The panel discussion featured Cass Sunstein, the Robert Walmsley University Professor and co-author of the book “Nudge,” and economics Professor Sendhil Mullainathan, author of the book “Scarcity: Why Having Too Little Means So Much,” on how shortages affect decision-making. It was moderated by Chrystia Freeland ’90, journalist, author, and current member of Canada’s Parliament.
In response to Freeland’s questions, Sunstein said that institutions can and should actively try to shape citizens’ choices, offering “nudges” that use the latest understanding of behavior and psychology to weight choices in beneficial directions. For example, he said, the government requires warnings about the health consequences of smoking on cigarette packages, but still allows citizens to smoke. It provides tax incentives for retirement savings that can make people’s post-work years more comfortable, but doesn’t require those savings beyond mandatory Social Security contributions. It requires new cars in dealerships to display their mileage, but doesn’t require people to buy fuel-efficient cars.

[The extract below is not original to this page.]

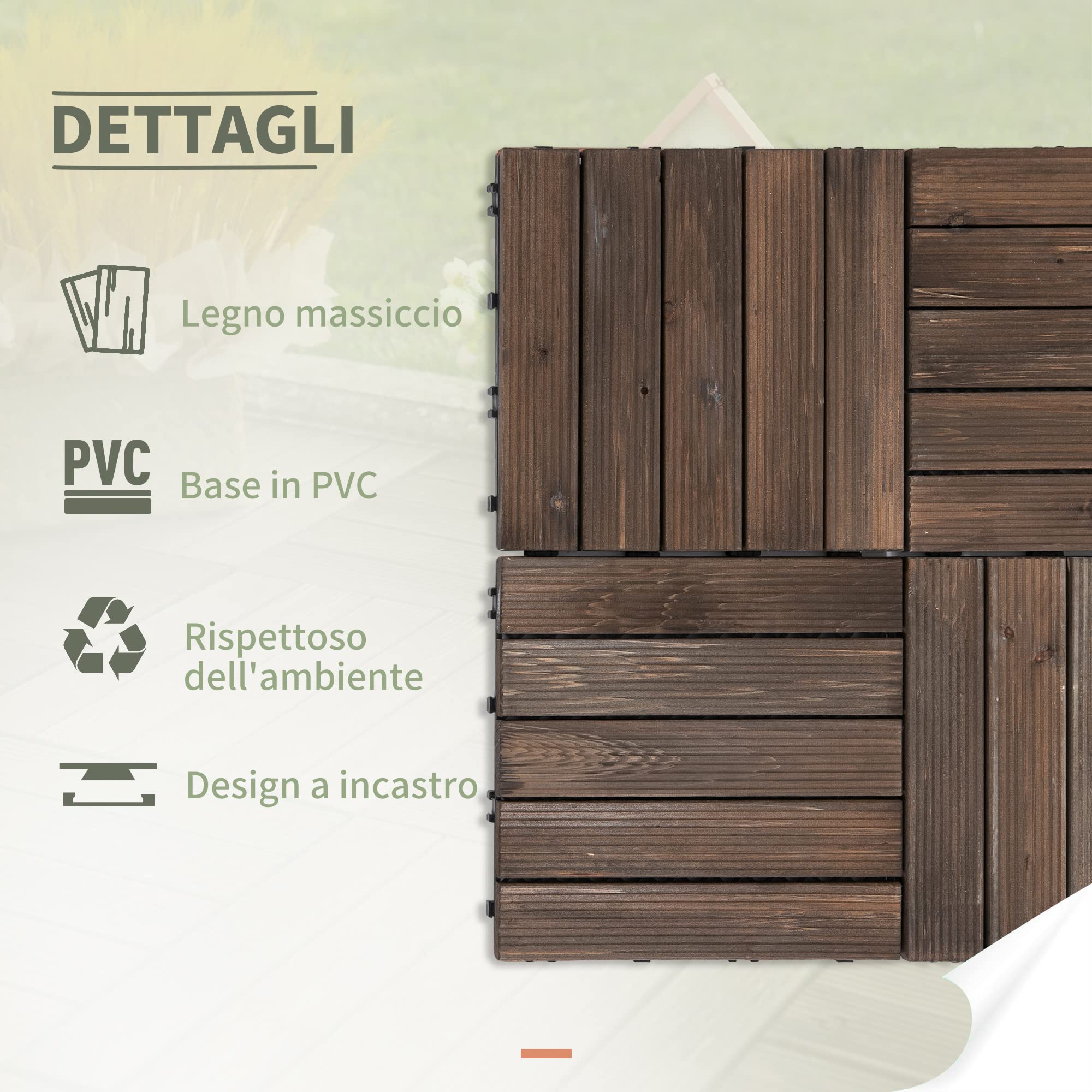 Outsunny Piastrelle per Esterni Pavimento da Giardino in Legno, Set da 27 Pezzi, 2.5m², Montaggio a Incastro, 30x30cm, Nero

Such nudges are needed, Sunstein said, because people in real life are not the rational actors they aspire to be. Instead, they tend to have a bias toward optimism, one that discounts risks and puts more value on things today than in the future.
Mullainathan spoke about the latest research on how stress and poverty can affect intelligence, a factor in successful decision-making. Though multitasking has become a way of life in the modern era, he cautioned that while it may be a smart way to maximize time, it might not be the best way to maximize decision-making. Each person has only so much intellectual bandwidth and, stretched too thin, thoughtful decision-making suffers.

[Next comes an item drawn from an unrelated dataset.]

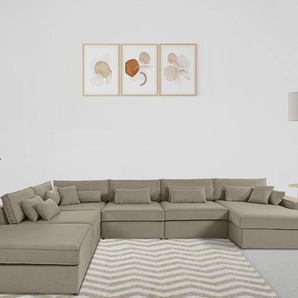 Wohnlandschaft RAUM.ID Enid Sofas Gr. B/H: 460 cm x 75 cm, Struktur (recyceltes Polyester), Ottomane rechts, grau (taupe) Wohnlandschaften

When that bandwidth is stretched too far, IQs actually can decline, he said. This has been illustrated by studies of college students studying all night before tests or while writing important papers. Such all-nighters, Mullainathan said, actually lower the average student’s IQ by 13 points. Poverty’s impact on decision-making is similar, he said, because the constant stress of worrying about paying the rent or buying enough food uses up intellectual bandwidth.

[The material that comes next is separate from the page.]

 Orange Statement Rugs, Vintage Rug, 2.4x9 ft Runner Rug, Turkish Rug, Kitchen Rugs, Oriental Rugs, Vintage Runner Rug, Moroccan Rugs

This process also applies to something as mundane and widespread as dieting. Because dieters are constantly weighing choices about food, their decision-making is affected because intellectual bandwidth it consumes is not available for other concerns.
“It’s really true. On those days when I have a lot going on, I’m actually dumber,” Mullainathan said.
Mullainathan addressed how the latest thinking in this field can be used to create fault-tolerant systems. That movement got its start in the design of bomber aircraft cockpits, when crashes began to mount because pilots, despite extensive training, were sometimes retracting the landing gear after touching down. It turned out that the handle for the plane’s flaps was next to and identical to the one for landing gear.
That prompted a move to redesign cockpits to support pilot decision-making and minimize errors. Similar thinking, Mullainathan said, can be applied to today’s institutions, making them more fault-tolerant for users. Colleges, for example, are not fault-tolerant, Mullainathan said. Students who miss a class fall behind and have more difficulty in later classes. Miss a second class, and they may consider dropping out. A fault-tolerant school could be designed that would have different sections of the same class starting on a staggered schedule, so that a student who misses one class can move to another section and not miss the material.
“We all know that, in our lives, there are so many times when we are completely incentivized [to make the right decision], but we just screwed up, so I think [we should be] rethinking what it means to have policy that is fault-tolerant,” Mullainathan said.